◆ PROBLEM DESCRIPTION
Copy each line of the records that holds the string "Print".

◆ GIVEN DATA
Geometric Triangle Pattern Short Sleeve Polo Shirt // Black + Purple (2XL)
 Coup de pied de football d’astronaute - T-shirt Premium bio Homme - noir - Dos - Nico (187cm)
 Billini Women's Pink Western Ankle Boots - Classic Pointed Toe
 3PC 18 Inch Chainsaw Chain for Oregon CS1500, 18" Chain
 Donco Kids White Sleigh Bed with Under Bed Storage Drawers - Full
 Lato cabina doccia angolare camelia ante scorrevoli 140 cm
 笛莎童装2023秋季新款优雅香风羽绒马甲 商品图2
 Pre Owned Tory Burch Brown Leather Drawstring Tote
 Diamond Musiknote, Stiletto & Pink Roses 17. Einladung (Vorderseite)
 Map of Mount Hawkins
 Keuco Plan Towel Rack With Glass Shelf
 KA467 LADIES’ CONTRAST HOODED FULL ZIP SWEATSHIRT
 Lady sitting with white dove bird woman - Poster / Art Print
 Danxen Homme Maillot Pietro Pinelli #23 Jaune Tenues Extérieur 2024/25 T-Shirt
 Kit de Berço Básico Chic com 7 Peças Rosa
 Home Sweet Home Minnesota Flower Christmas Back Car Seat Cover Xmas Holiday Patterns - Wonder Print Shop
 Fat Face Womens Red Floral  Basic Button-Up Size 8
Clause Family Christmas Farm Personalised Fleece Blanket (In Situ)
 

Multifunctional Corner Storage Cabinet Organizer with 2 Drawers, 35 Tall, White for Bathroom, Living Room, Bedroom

◆ ANSWER SECTION
 Lady sitting with white dove bird woman - Poster / Art Print
 Home Sweet Home Minnesota Flower Christmas Back Car Seat Cover Xmas Holiday Patterns - Wonder Print Shop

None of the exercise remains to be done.